● **Directions**
Any pictures in the records below must be left out when you repeat the lines from the line containing "플라스틱밀폐용기 게량컵증정 용기" through the line containing "Image of PLAGG" exactly.

● **Input data**
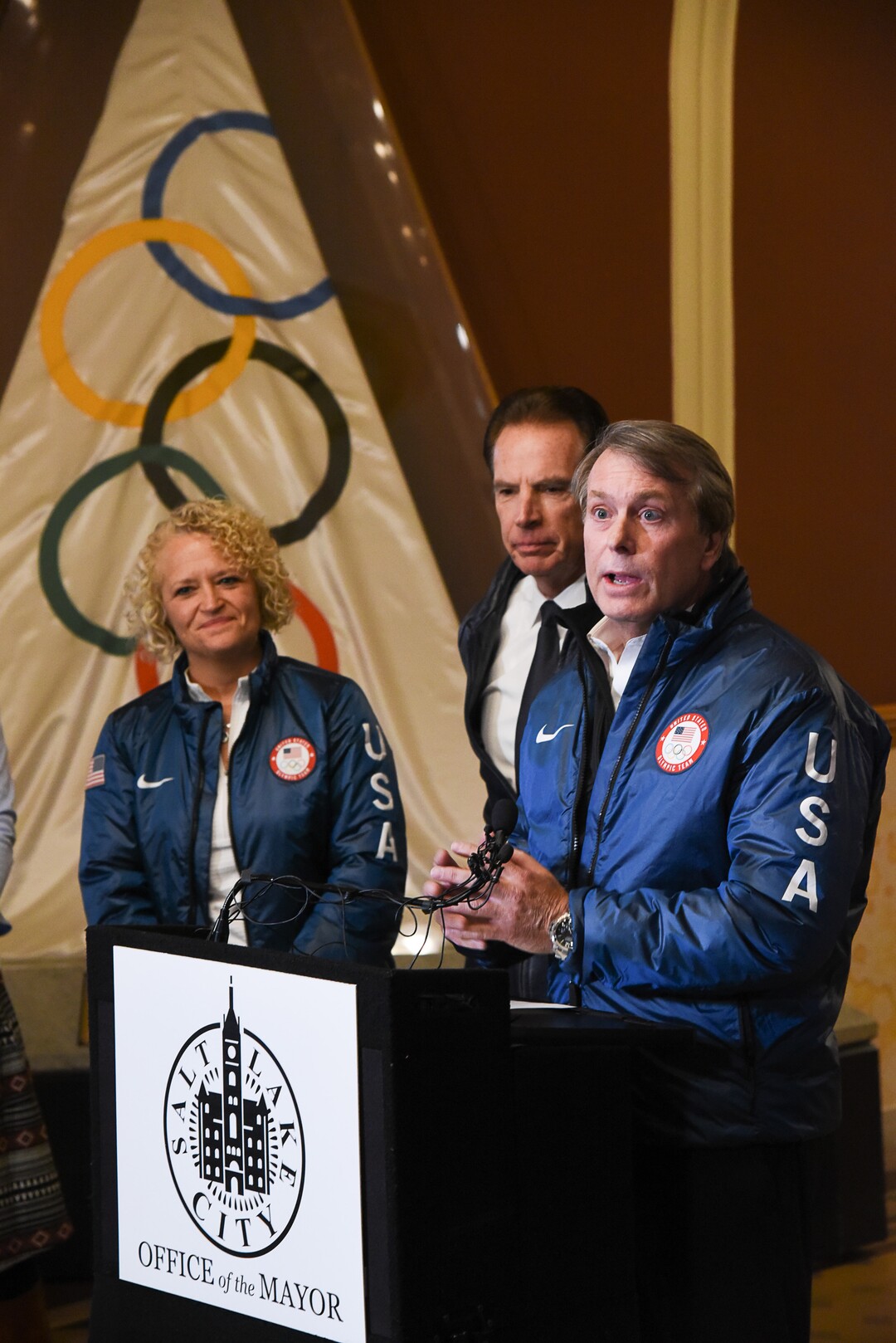 (Francisco Kjolseth  |  The Salt Lake Tribune)  Utah Sports Commission CEO Jeff Robbins discusses the announcement after Salt Lake City officials get the news that U.S. Olympics Committee chose Salt Lake City over Denver to bid for a future Winter Olympics, possibly 2030, as they gather at City Hall to share the news on Friday, Dec. 14, 2018.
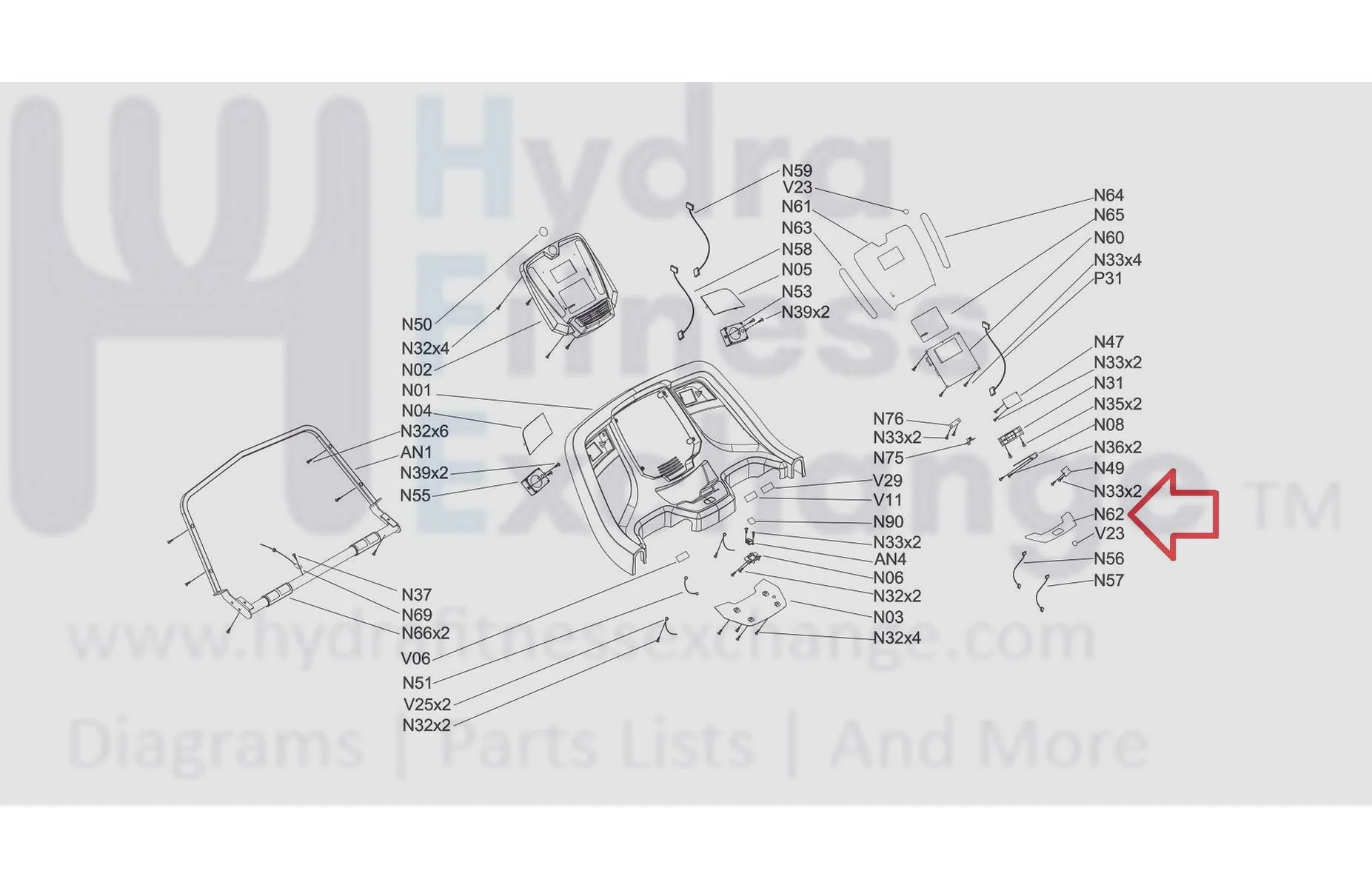 Horizon Fitness T101-04 Treadmill Down Manipulate Overlay Assembly 1000369187 - Image 3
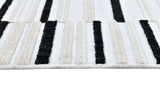 TIA 102 Microfiber Chenille Area Rug Fabric - Soft Cream, Black/Neutral Striped Bohemian Motif, High-Low 3D Detail (1 Rug)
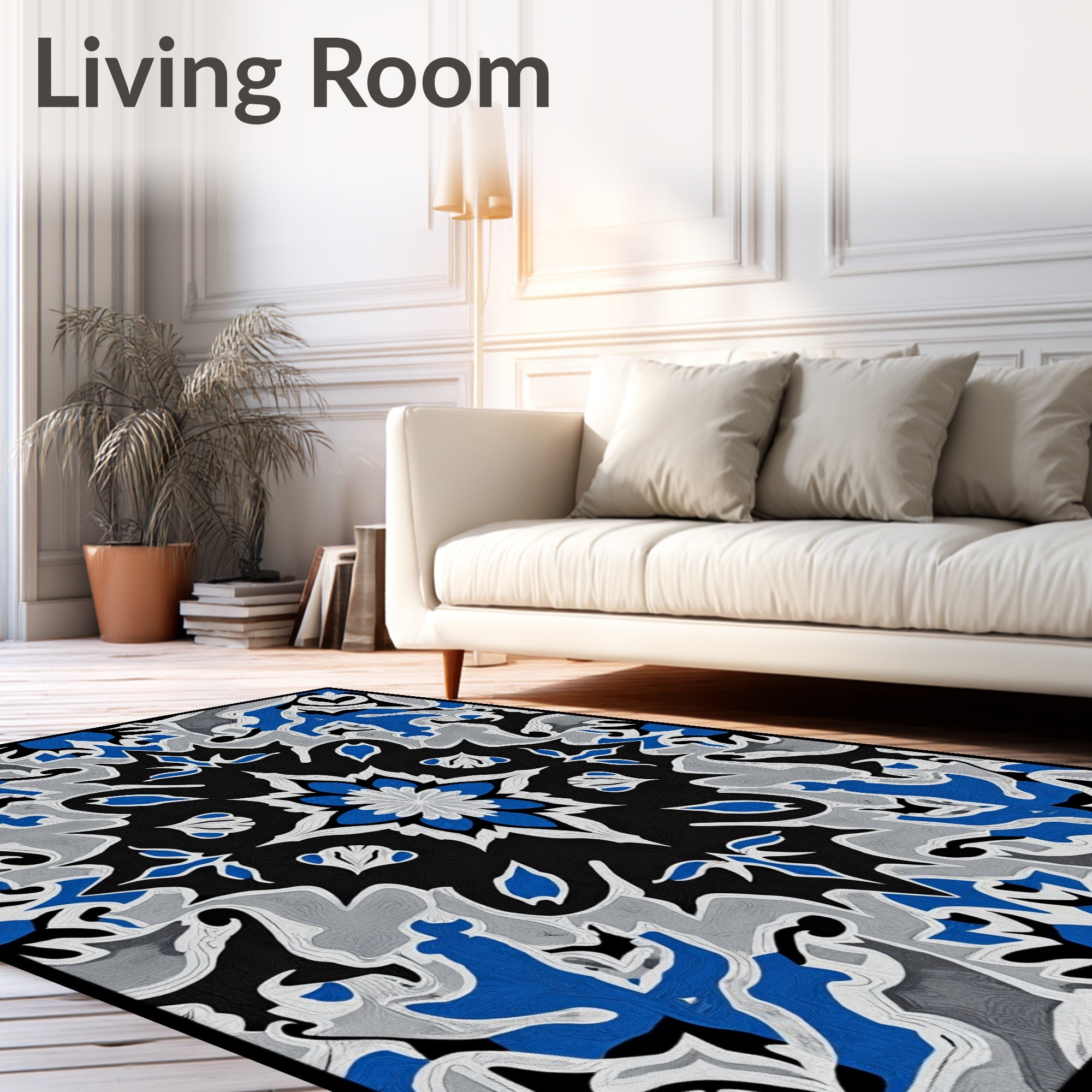 Cobalt Blue Gray Floral Medallion Rug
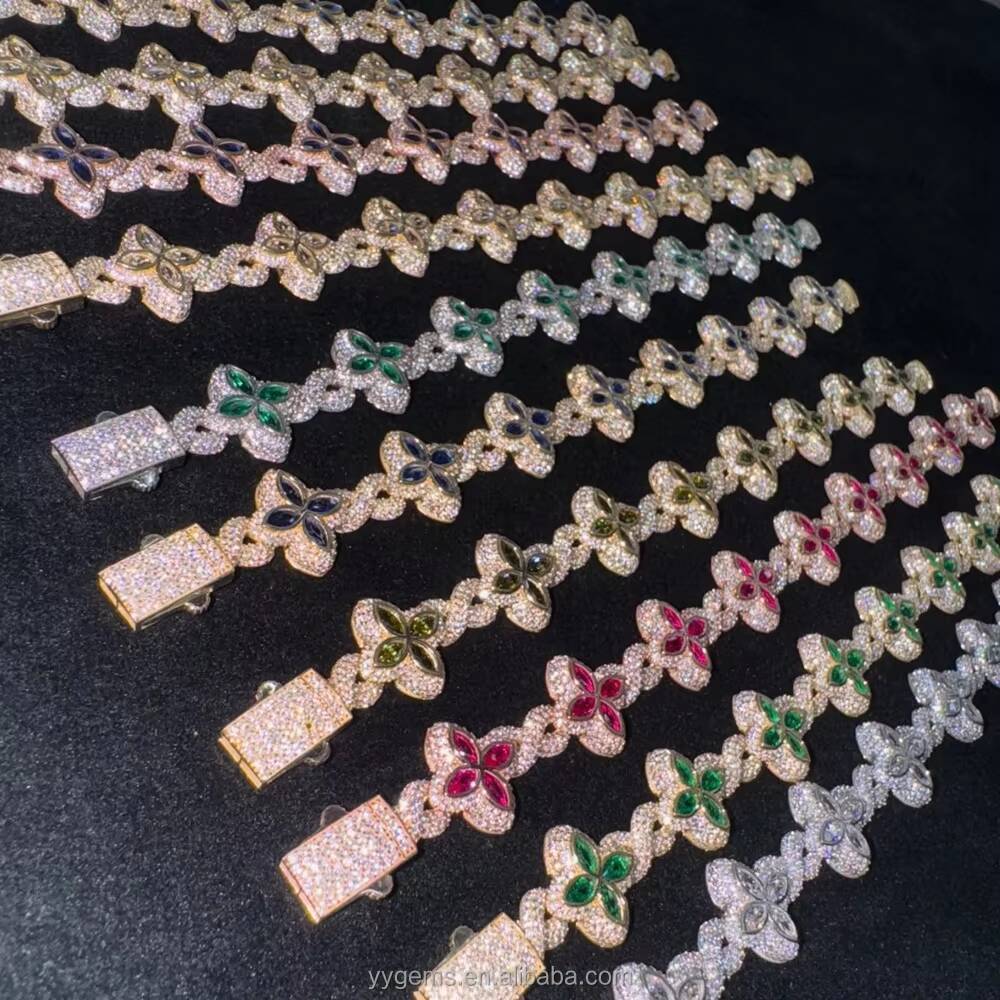 Hot Selling Shamrock bracelet 15MM 925 Sterling Silver Cuban Clover Bracelets Iced Out Hip Hop Infinity Colored Moissanite Cuban Bracelet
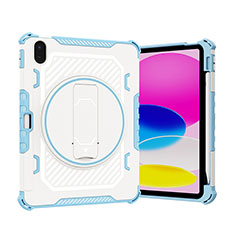 Custodia Silicone e Plastica Opaca Cover con Supporto L09 per Apple iPad 10.9 (2022) Blu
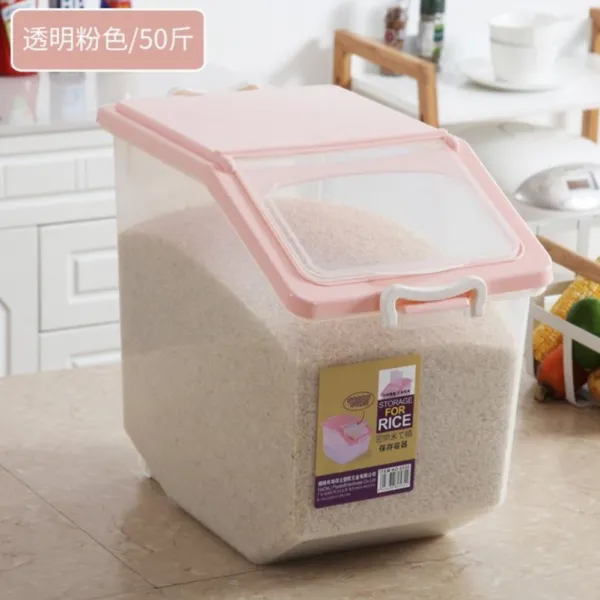 플라스틱밀폐용기 게량컵증정 용기 밀가루통 50근포장 플라스틱통 .저금통 수납합 쌀통 먼지걱정없는 밀봉된 세트, T22-I24-Q83-업그레이드형 :50근 식투명 핑크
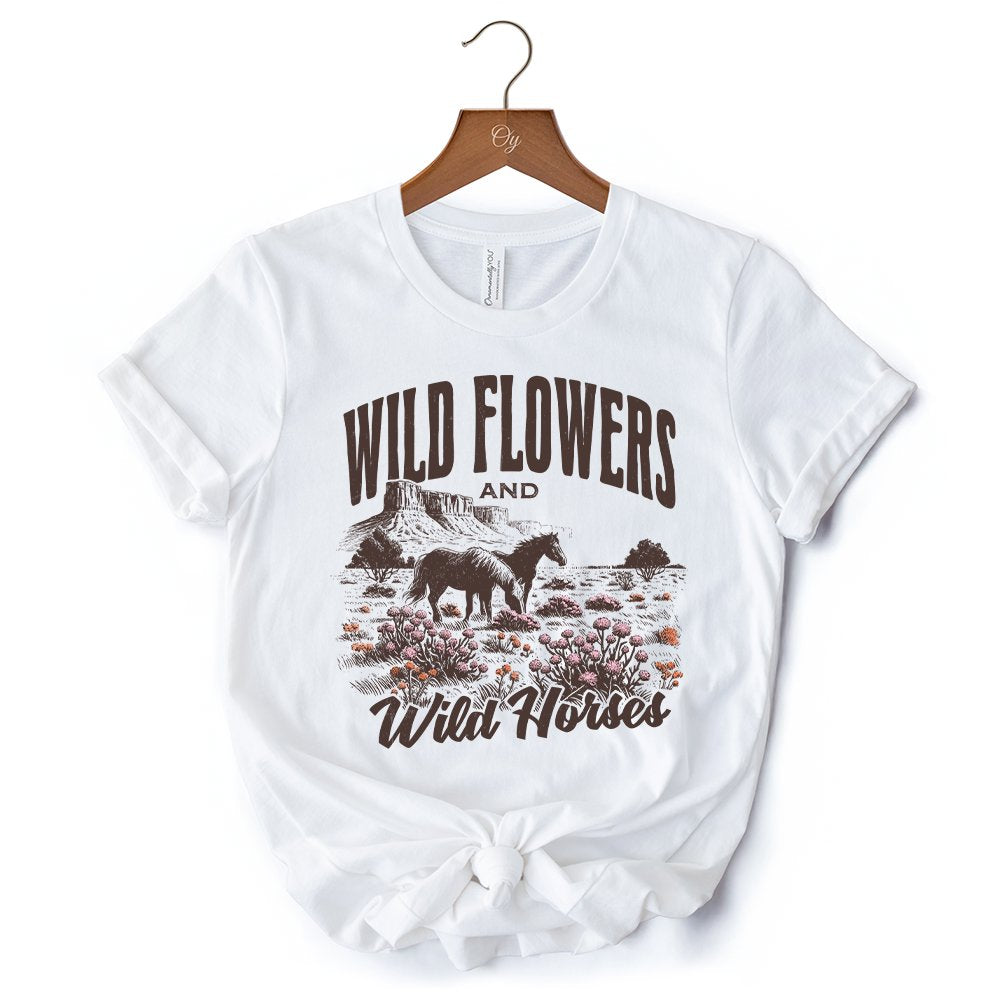 Wild Flowers and Wild Horses T-Shirt, Retro Western White and Natural Tee for Free-Spirited Women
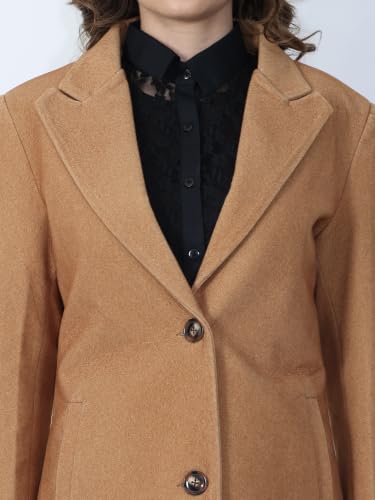 Image of PLAGG Women's Notched Lapel Long Overcoat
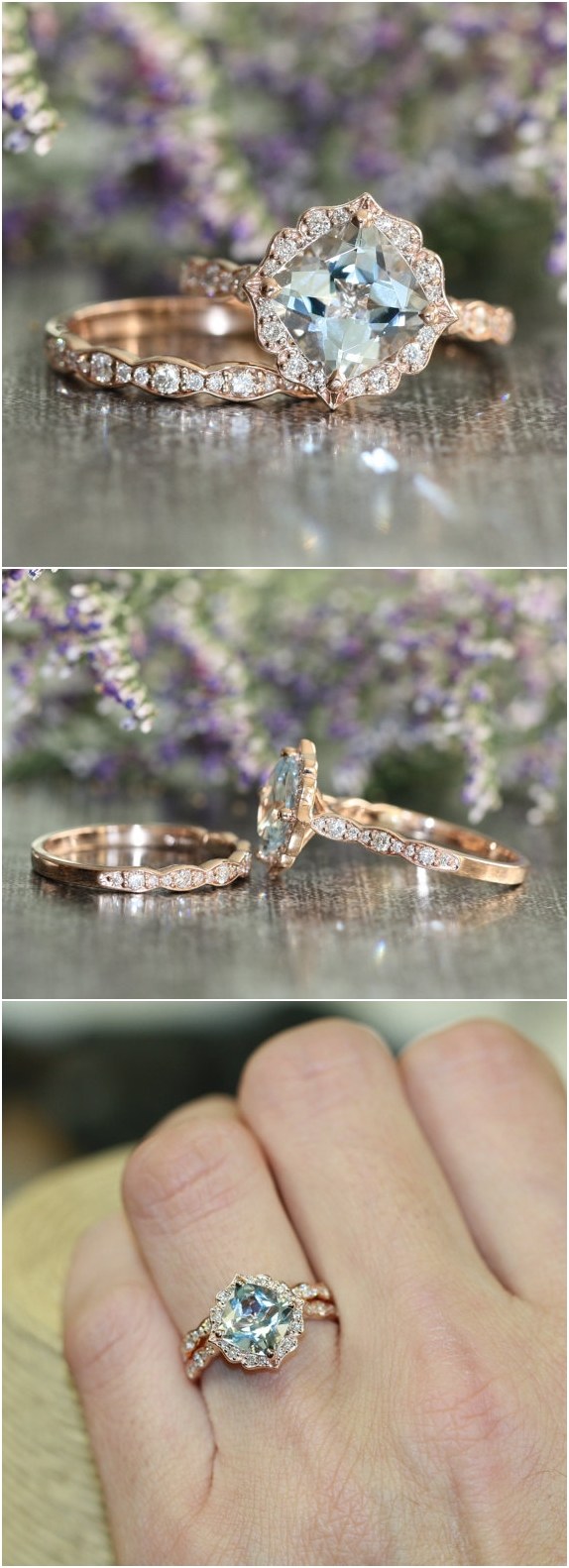 Vintage Floral Aquamarine Engagement Ring and Scalloped Diamond Wedding Band Bridal Set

● **Answer section**
 플라스틱밀폐용기 게량컵증정 용기 밀가루통 50근포장 플라스틱통 .저금통 수납합 쌀통 먼지걱정없는 밀봉된 세트, T22-I24-Q83-업그레이드형 :50근 식투명 핑크
 Wild Flowers and Wild Horses T-Shirt, Retro Western White and Natural Tee for Free-Spirited Women
 Image of PLAGG Women's Notched Lapel Long Overcoat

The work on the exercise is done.